Young people account for big number of new HIV infections
Mercy Mwai @wangumarci
Young people account for close to half of the new cases of HIV and Aids infections in the country, a new report shows.
Findings of a survey released by the National Aids Control Council (NACC) shows that adolescent and young people, contribute to 42 per cent of the new HIV infections in the country and hence are a priority population.
It however states that HIV epidemic in Kenya continues to be disproportionately higher among females than males, with the burden of HIV remaining highest for the age category of 15 to 49 years
The report says the total new infections between the ages of 15 to 29 stands at 21,176 out of which 14,218 are females and 6,958 are males, while the total number of those living with the virus in the same bracket are 304,348 with 206,968 being females and 97,380 being males.

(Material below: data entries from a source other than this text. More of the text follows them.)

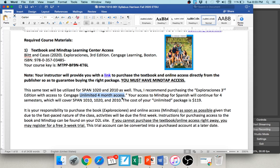Spanish 4 uses a different textbook, but if you know you'll be continuing through Spanish 1010, 1020, and 2010, go ahead and purchase the Cengage Unlimited four-month access. It's $119 and it will last you for all three of those courses. If you buy it now, you won't have to invest in another book for Spanish 2 or 3. There's a direct link with all the options.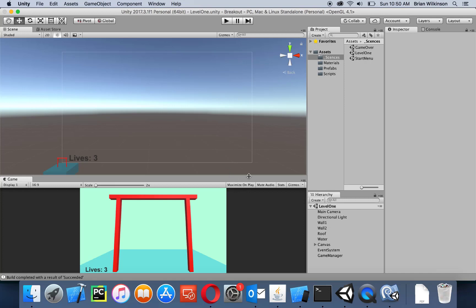Notice we didn't comment out the 'you won' message — you should be able to create a 'you won' screen and go to that screen when you win, then restart or quit. I'll leave that as an exercise for you. In this video we created a very simple game over screen, and now we have a start screen, a game, and a game over screen. In the next video we'll look at creating different levels of breakout so it's more than just one.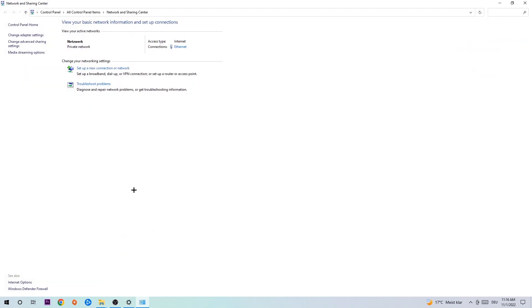As you can see there is this tab called troubleshoot problems. You're going to click on that and it will use Windows to find any kind of issue you currently have. Afterwards, hit change adapter settings at the top left corner.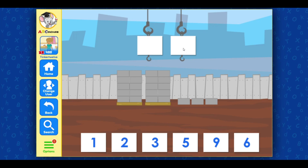Count the groups of tens and ones. Drag the numbers to the cranes to show how many blocks there are.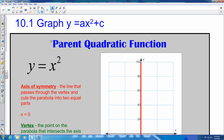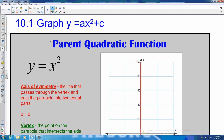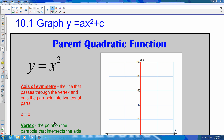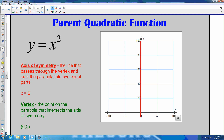Today we are starting a new chapter — Chapter 10 — which deals with quadratic equations and quadratic functions. We're going to start with quadratic equations. First off, we're going to show you the most basic quadratic function, which is y equals x squared, and being able to graph this.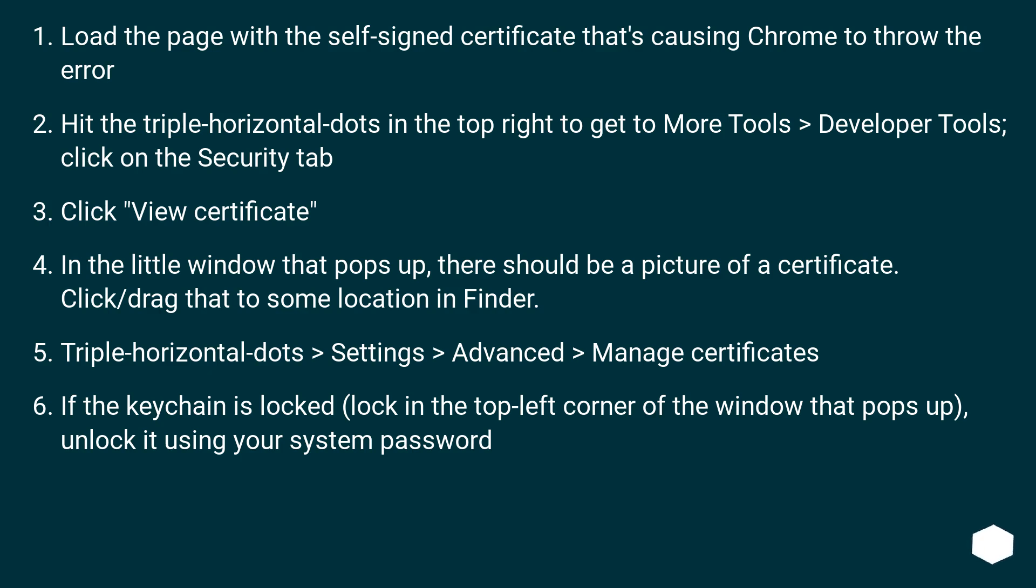Triple horizontal dots > Settings > Advanced > Manage certificates. If the Keychain is locked (lock in the top left corner of the window that pops up), unlock it using your system password.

“Adolescents and young people aged 15-29 account for 61.2 per cent of the total adult new HIV infections,” reads the report in part.
It reveals that Adolescent Girls and Young Women (AGYW) aged 15 to 24 years, contribute to a third (30 per cent) of the 41,728 new HIV infections in the country.
The factors contributing to the high increase among the AGYW include inter-generational sex, teenage pregnancies, sexual and other forms of gender-based violence.
Others are discontinuation of school especially during the transition from primary to secondary school, prevailing gender norms, poor access to comprehensive sexuality education, sexually transmitted infection (STI) and low socio-economic status.
Infections among boys and young men aged between 15-34 years account for 53 per cent of the 13,320 new infections, the report notes.
The report states that the peak of new HIV infections is among young men aged 20-34 years.
“Evidence shows that compared to women, awareness of HIV status is low among men. Delay in awareness of status also delays entry into prevention and treatment services.
The report meanwhile states that Kenya will require Sh 647.7 billion to fully fund the HIV response for the next five years.
Currently the report states that Kenya has a gap of Sh288.2 billion which need to be resourced to fully fund the response.
The report raises concern that with large economies facing the pressure to impose lock downs, the impact in terms of both the loss in economies and Covid-19 pandemic, are likely to negatively influence overseas aid, including that for HIV.